The most promising but failed attempt was when I tried induction on $a_{n+1}/{a_n}$ starting from the base case $a_2/a_1=3/4<1$, assuming $a_{k+1}/a_k<1$ and then making some use of the assumption in the inductive step however not being able to reach $a_{k+2}/a_{k+1} < 1$.
All of this is an attempt to show convergence of the given sequence by showing monotonicity and boundedness.

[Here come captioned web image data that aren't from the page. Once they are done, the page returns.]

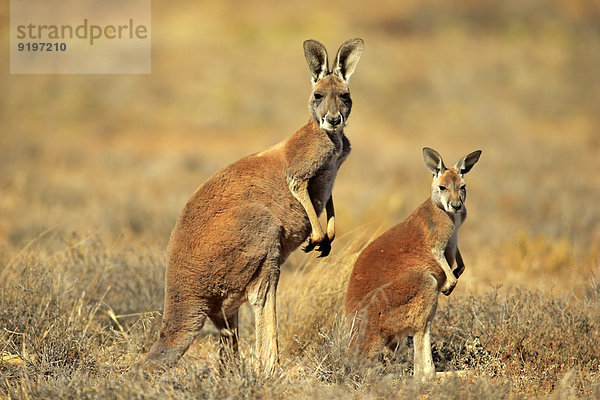 Rotes Riesenkänguru (Macropus rufus)  Muttertier mit Jungtier  wachsam  Sturt-Nationalpark  New South Wales  Australien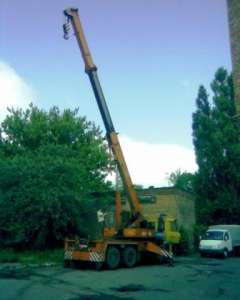 �������� ����� 815, 1990 �, 14�, ������ 13�, ��������, ������� 10� - ����������� 1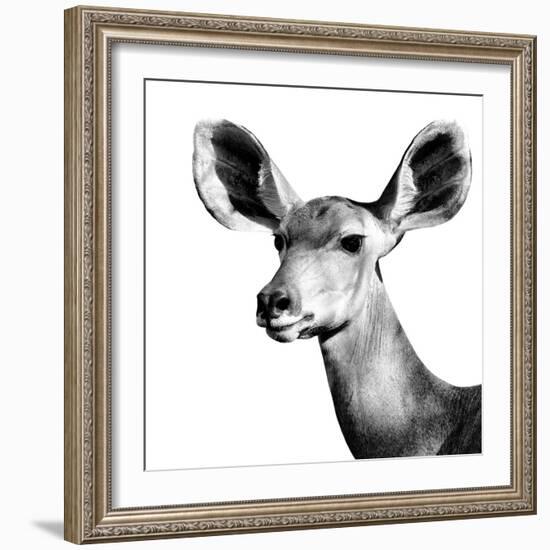 Safari Profile Collection - Antelope Impala Portrait White Edition VI-Philippe Hugonnard-Framed Photographic Print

 A: Well, let's just look at your recursive formula: Let $f(x)=\frac{1}{2}(x+\frac{2}{x})$ and note that for $x>0$
$$
f(x)-x=\frac{1}{x}-\frac{x}{2}\geq 0\Longleftrightarrow \frac{1}{x}\geq \frac{x}{2} \Longleftrightarrow 1\geq \frac{x^2}{2}
$$
Thus, $f$ is increasing on $(0,\sqrt{2}]$ and decreasing on $[\sqrt{2},\infty)$. Hence, in order to check monotonicity, we should see that $f$ also respects these sets.
$$
f(x)^2-2=\frac{1}{4}\left(x^2+\frac{4}{x^2}+4\right)-2=\frac{x^2}{4}+\frac{1}{x^2}-1=\frac{1}{4x^2}(x^2-2)^2\geq 0
$$
But this implies that $f(x)$ maps all of $(0,\infty)$ into $[\sqrt{2},\infty)$. In conclusion,the algorithm will always yield a monotone, decreasing sequence after the first iteration. 
A: Observe that, AM-GM inequality gives us $ \frac{1}{2}{(a_n+2/a_n)} \geq \sqrt 2$, so $\forall n \geq 2, a_n \geq \sqrt 2$   ( here $a_1=2$ forces all $a_n$ to be positive).
Now $(a_{n+1}-a_{n})=\frac{1}{2}{(-a_n+2/a_n)} \leq 0 $ (since $a_n \geq \sqrt 2$). Thus the sequence is monotonically decreasing and the limit has to be $\sqrt 2$.